周一的数学课,江暖盯着黑板上的函数图像发呆。
窗外的风很大,卷着几片梧桐叶撞在玻璃上,哗啦啦地响。她的心思却飘回了周末——那副共享耳机还躺在她的书桌抽屉里,白色的耳机盒被她擦了三遍,却始终没找到机会还给许淮漾。
“江暖,这道题的解法,你来讲一下。”
数学老师的声音把她拽回课堂。她猛地站起来,低头看着课本,脸颊发烫:“我……我还没算出来。
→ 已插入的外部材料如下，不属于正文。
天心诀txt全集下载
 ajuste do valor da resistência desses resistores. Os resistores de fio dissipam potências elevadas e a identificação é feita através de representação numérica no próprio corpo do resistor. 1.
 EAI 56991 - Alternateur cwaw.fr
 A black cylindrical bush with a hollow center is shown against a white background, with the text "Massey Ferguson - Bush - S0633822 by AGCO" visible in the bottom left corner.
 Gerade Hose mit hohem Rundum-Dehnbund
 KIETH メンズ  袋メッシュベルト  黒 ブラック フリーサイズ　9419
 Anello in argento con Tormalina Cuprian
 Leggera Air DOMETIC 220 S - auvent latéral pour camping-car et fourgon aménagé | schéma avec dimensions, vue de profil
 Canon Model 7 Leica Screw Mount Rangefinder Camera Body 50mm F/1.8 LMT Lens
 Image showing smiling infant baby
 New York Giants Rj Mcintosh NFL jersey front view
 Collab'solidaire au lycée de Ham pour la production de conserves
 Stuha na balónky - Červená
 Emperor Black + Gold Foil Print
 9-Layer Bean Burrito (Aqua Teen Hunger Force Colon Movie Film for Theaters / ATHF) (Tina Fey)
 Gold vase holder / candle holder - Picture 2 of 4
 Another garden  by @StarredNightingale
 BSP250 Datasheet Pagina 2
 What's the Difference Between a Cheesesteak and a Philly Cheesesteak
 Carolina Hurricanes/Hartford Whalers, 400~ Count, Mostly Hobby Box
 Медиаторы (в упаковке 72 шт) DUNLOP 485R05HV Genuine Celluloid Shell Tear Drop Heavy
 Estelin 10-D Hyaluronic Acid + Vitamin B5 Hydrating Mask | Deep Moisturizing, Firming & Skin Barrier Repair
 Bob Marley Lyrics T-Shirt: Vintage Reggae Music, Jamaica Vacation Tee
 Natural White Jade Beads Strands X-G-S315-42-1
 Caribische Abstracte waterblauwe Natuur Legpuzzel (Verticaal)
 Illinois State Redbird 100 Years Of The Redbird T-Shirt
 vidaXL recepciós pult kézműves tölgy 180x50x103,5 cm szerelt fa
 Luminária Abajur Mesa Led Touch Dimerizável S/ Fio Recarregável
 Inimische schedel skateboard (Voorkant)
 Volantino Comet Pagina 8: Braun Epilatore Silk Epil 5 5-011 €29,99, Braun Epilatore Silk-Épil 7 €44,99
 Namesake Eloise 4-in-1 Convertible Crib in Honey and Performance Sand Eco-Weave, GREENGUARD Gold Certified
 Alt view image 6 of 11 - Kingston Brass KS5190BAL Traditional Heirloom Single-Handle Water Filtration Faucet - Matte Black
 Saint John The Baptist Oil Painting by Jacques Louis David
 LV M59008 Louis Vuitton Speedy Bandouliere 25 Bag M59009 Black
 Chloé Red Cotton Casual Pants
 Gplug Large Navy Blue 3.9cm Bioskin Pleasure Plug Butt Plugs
”
全班哄笑起来。后排传来林晓晓憋笑的咳嗽声,江暖恨不得找个地缝钻进去。
“坐下吧,下次认真听讲。”老师皱了皱眉,转向另一个方向,“许淮漾,你来讲。”
许淮漾起身时带起一阵微风,他走到黑板前,拿起粉笔的动作利落干脆。阳光透过窗户落在他的侧脸上,睫毛在眼睑下方投出一小片阴影。
他的讲解清晰又简洁,连最难懂的辅助线思路都用两句大白话讲透了。江暖听得入神,忽然发现他握粉笔的姿势和游戏里HY握剑的手势有点像——都是食指微微前伸,带着种不动声色的笃定。
“听懂了吗?”他讲完题,目光扫过全班,在江暖脸上停顿了半秒。
她下意识地点头,心跳又开始不规律。
下课铃一响,林晓晓立刻凑过来:“姐妹,你今天不对劲啊,魂不守舍的。”她挤了挤眼睛,“是不是在想HY师父?”
江暖拍了她一下:“别瞎说。”
“我可没瞎说,”林晓晓压低声音,“周末你们俩单独打副本,没发生点什么?”
“就……正常打游戏啊。”江暖含糊其辞,却忍不住想起耳机里他那句“牧师死了,队伍就散了”,耳根又开始发烫。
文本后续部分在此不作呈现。